Temi di “Generare tracce nella storia del mondo”

Libro “Generare tracce nella storia del mondo” di don Luigi Giussani

ABCDEFGILM/NO PRSTUV

Lettera «O»



OBBEDIENZA

(170s) – In san Paolo è la coscienza di una obbedienza come metodo, la sorgente dell’azione: invece dell’io, il soggetto creatore dell’azione diventa un Tu, l’io si sacrifica per un Tu: «Vivo, non io, ma è Cristo che vive in me».

Perché gli uomini vivano non più per sé stessi ma per Cristo, occorre obbedienza.

L’obbedienza esistenzializza il summum ius: il culmine del diritto di Dio sulla nostra vita.

(171) È la vita del cristiano in quanto dimostra questa obbedienza che «testimonia» il Signore.

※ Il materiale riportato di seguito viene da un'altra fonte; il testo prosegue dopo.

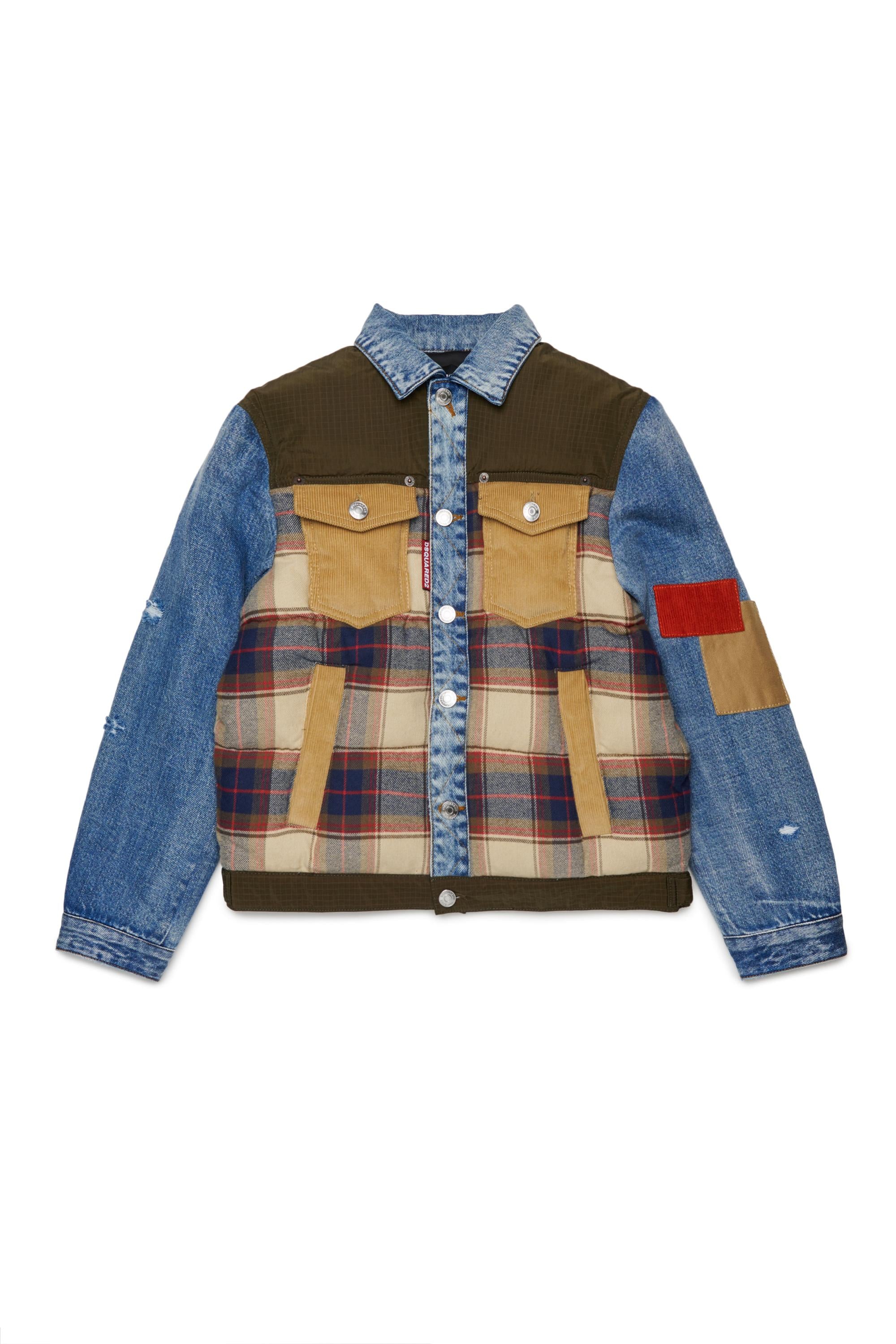  DQ3414D0AIA DQ717 DSQUARED KIDS 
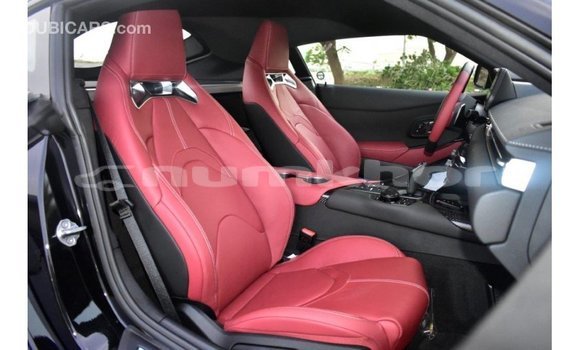 Buy Import Toyota Supra Black Car in Import - Dubai in Bumthang Buy Import Toyota Supra Black Car in Import - Dubai in Bumthang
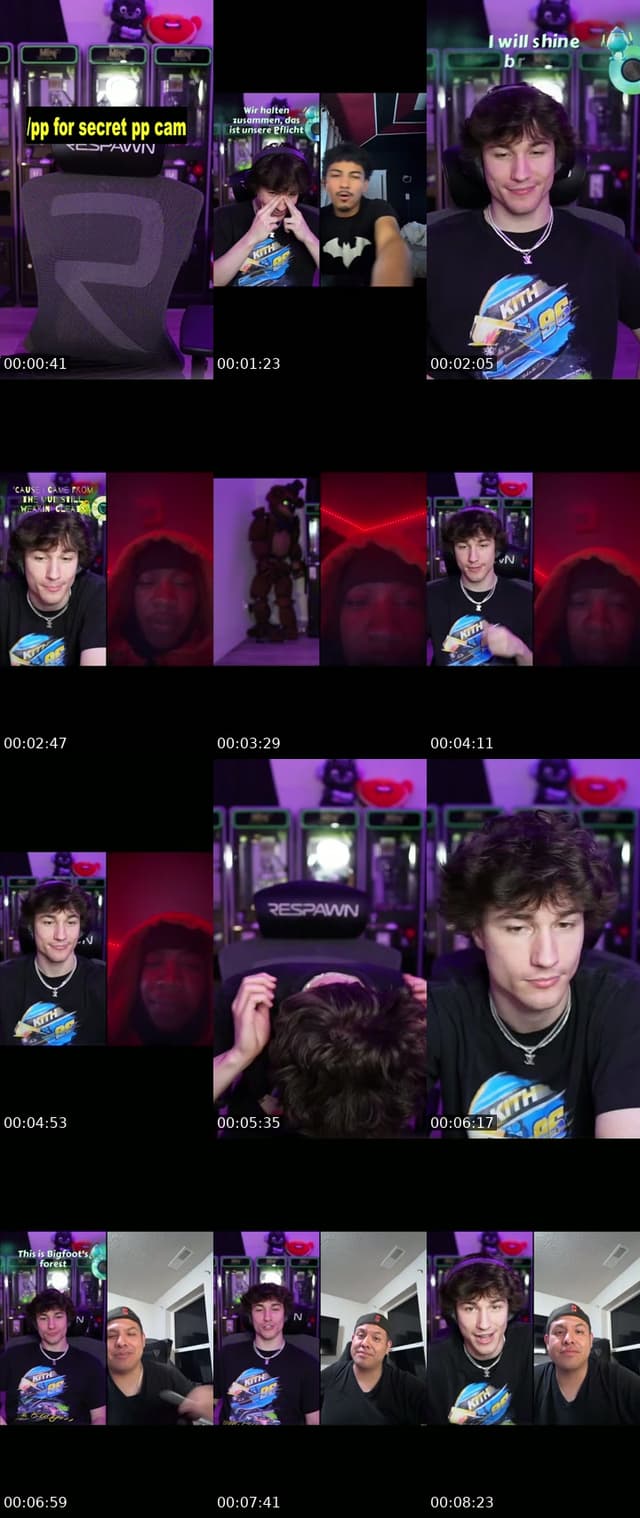 United States TikTok live: HUGE DARE SERIES by @juuqttv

(178) – Se riflettiamo sulla nostra esperienza ci accorgiamo di come, spesso, tende a prevalere un egocentrismo, che decide da sé i fattori costitutivi dell’Avvenimento cui diciamo di appartenere e che non nasce da noi: in luogo dell’obbedienza si impone l’affermazione di ciò che pensiamo noi.

ODIO ALL’ESSERE

(45)L’odio all’Essere è il contrario di come originalmente siamo, di come l’uomo viene concepito nel seno materno.

(213) – Qui comprendiamo come mai qualcuno, che odiava Dio e ha voluto irrazionalmente sfidarlo, non dia tregua alla nostra vita, per trascinare anche noi nella sua infame bugia: è il «padre della menzogna, Satana»

Odio a Cristo

(157)L’odio del mondo a Cristo.

C’è oggi una ostilità a Lui che non c’è mai stata, se non nei primissimi tempi, quando Lo crocifissero, quando Lo uccisero nei suoi martiri, quando lo proscrissero nei suoi testimoni dei primi secoli.

È una ostilità così generalizzata, alimentata e prodotta sistematicamente, così sostenuta teoricamente, che il nostro adattamento ad essa, quotidianamente, senza che ce ne accorgiamo, è il segno della nostra distrazione.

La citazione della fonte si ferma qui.